Invited to speak at this interesting conference on 5 March at the University College of London, along with the novelist Stewart Home.

http://ies.sas.ac.uk/events/conferences/2010/Nightmare/index.htm

As with the recent event in Luton, I feel on relatively safe ground (my presentation’s based on the novel). It’s still a bit daunting though. Actually, I’m starting to realise it doesn’t matter whether they cheer or boo, it still goes down on your CV. But increasingly I’m seeing these things as performances. It’s not what you say so much as how you say it.

And so the long search to become an effective public speaker continues. Part of the job. At least I’m getting a fair bit of practice.

Here’s the proposal:

‘Losing the Body’: De Quincey, Confessions and The Knocking at the Gate

When is a dream not a dream? How will we know when it ends? When, as in De Quincey’s essay, comes a knocking at the gate? What if no knocking comes?

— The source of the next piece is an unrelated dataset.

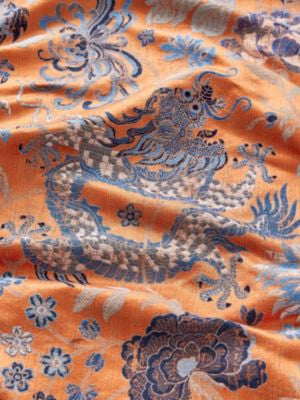 Dragon Tableau Persimmon Blue SC273270004 by Scalamandre Fabric THE METROPOLITAN MUSEUM OF ART 78% VISCOSE 22% COTTON ITALY MEDIUM DUTY Horizontal: 27.25" and Vertical: 26.25" 52.5 - Fabric Carolina -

This paper will examine the concept of waking nightmare, the reality of a man unable to stop committing evil deeds in real life because of the dream-like quality of his existence, as depicted in a novel written for a PhD. Lost Bodies was submitted to the University of Strathclyde in 2006 and was awarded the doctorate at the Viva without any changes – the first full-length novel to be awarded the qualification in Scotland. A confession of a sort, as in a soul whispering to itself, it follows in the tradition of dark tales of living hells told by spirits unable to comprehend or control their lives, because of their failure to acknowledge the existence of others: confessions of justified sinners, of trainspotters, of opium eaters. And yet, though he lives in an isolated, impenetrable world, he seeks reality, and deals in flesh and blood. Only through the body can he understand; only through the body can he make sense of what he searches for. Sounds, images, symbols, smells and tactile impressions mix and merge in a tale of synesthetic horror.

 The paper will range across classical and contemporary criticism and include extracts from the book.

 David Manderson is a novelist and academic. He lectures in Creative Writing & Screenwriting at the University of the West of Scotland. He has published short stories in magazines and anthologies in Scotland and the USA. His novel Lost Bodies will be published by Cargo Publishing in 2010. He runs the Tchai Ovna readings in Glasgow’s West End.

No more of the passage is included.